И зеленый седан выехал из ворот, следом за ним — Бретт. Первое, что они выяснили, после того как заказали виски со льдом, было то, что оба работают в одной и той же компании. Леонард Уингейт занимал довольно высокий пост в отделе персонала и, как узнал из их беседы Бретт, был всего на две ступеньки ниже вице-президента. Позже он узнает, что его новый знакомый был единственным негром, дослужившимся до такого положения.

— Я слышал ваше имя, — заметил Уингейт. — Вы тот Микеланджело, что создал «Орион», не так ли?

— Ну, мы надеемся, что он оправдает наши ожидания. Вы видели прототип?

Собеседник Бретта покачал головой.

— Могу это устроить, если хотите.

— Очень бы хотел. Выпьете еще?

— Теперь моя очередь угощать. — И Бретт поманил бармена.

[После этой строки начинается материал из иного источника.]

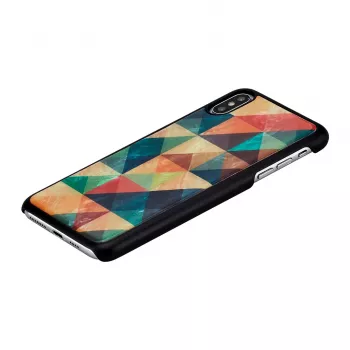 iKinsi telefonikate iPhone XS Max jaoks — mosaiikmuster, must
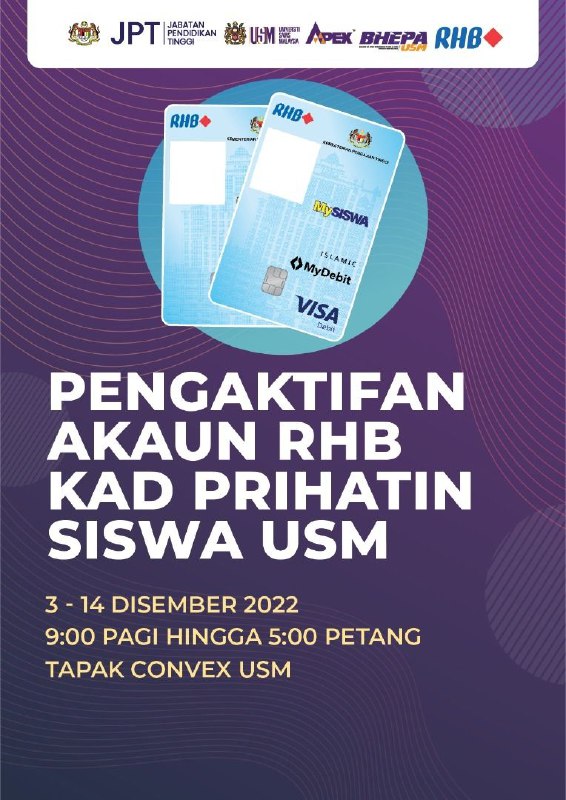 RHB account activation available at the RHB Tent at 📍 Convocation Expo Site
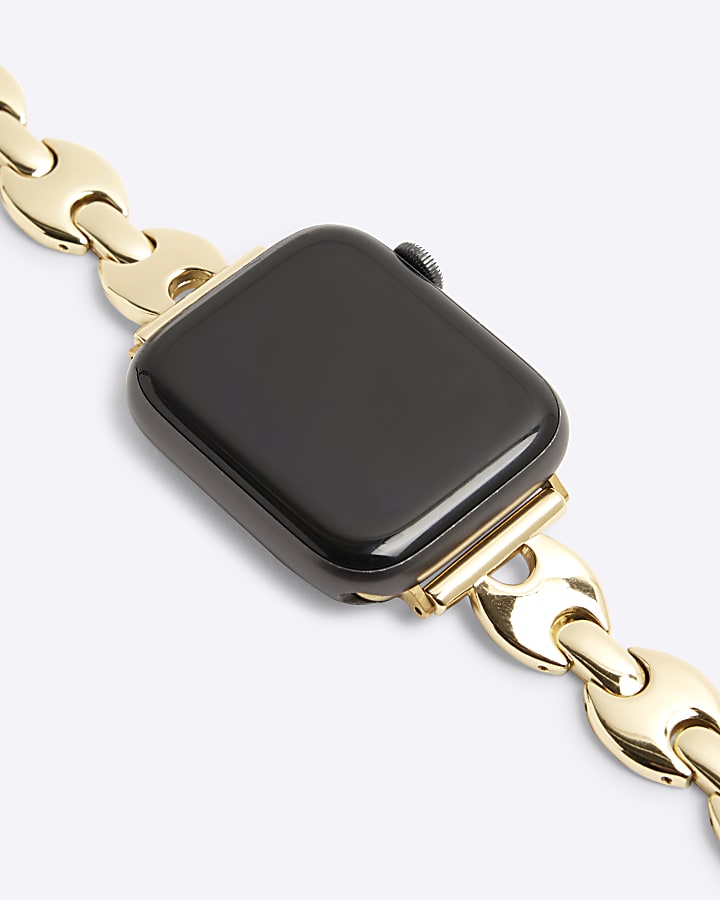 Gold Digital Metal Chain Watch Strap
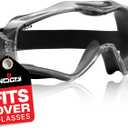 NoCry Safety Goggles Over Glasses with Extreme Impact Resistance  ANSI Z87.1 Certified Eye Protection with Anti-Fog, Anti-Scratch and UV380 Lenses  Adjustable Strap  Ideal for the Chemistry Lab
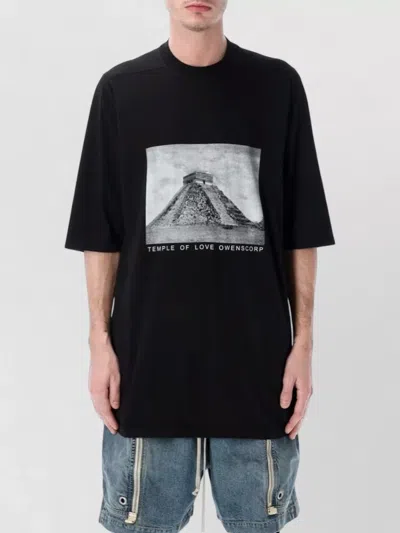 Rick Owens Drkshdw Jumbo Short Sleeve Oversized Cotton T Shirt In Black
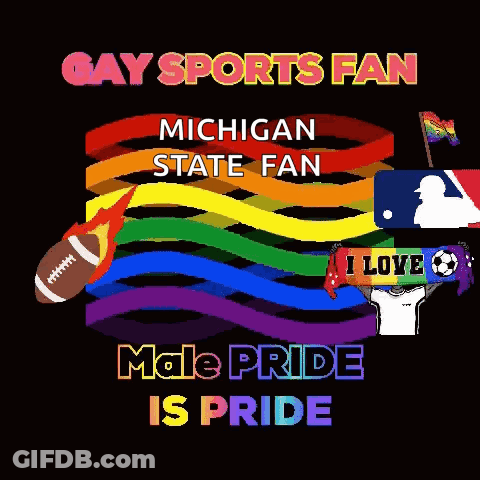 Gay Sports Fan Michigan State Fan Poster GIF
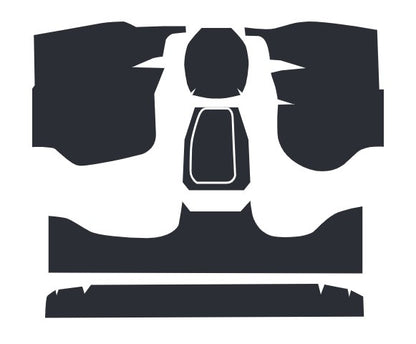 1992-1996 Ford F-150 Regular Cab Truck Floor Insulation & Sound Deadener Kit by QuietRide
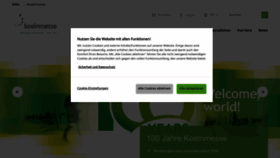What Koelnmesse.de website looks like in 2024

Бар при ресторане «Джимс-гараж», красочно декорированный старомодными деталями автомобилей, стал за последнее время местом встречи автомобилестроителей в деловой части Детройта. С наступлением вечера он начал заполняться, и сразу стремительнее задвигалась обслуга и громче зазвучали голоса.

— Очень многое связано с этим младенцем «Орионом», — сказал Уингейт.

— Вы чертовски правы.

— Особенно работа для моих подопечных.

— Кто это?

— Почасовики — черные и белые. Как пойдут дела с «Орионом», так пойдут дела и многих семейств в этом городе: по скольку часов люди будут работать и сколько они будут приносить домой. От этого, естественно, будет зависеть и образ их жизни, и питание, и выплата долгов за купленные в рассрочку товары, и возможность приобрести новую одежду, поехать отдохнуть, и судьба их детей.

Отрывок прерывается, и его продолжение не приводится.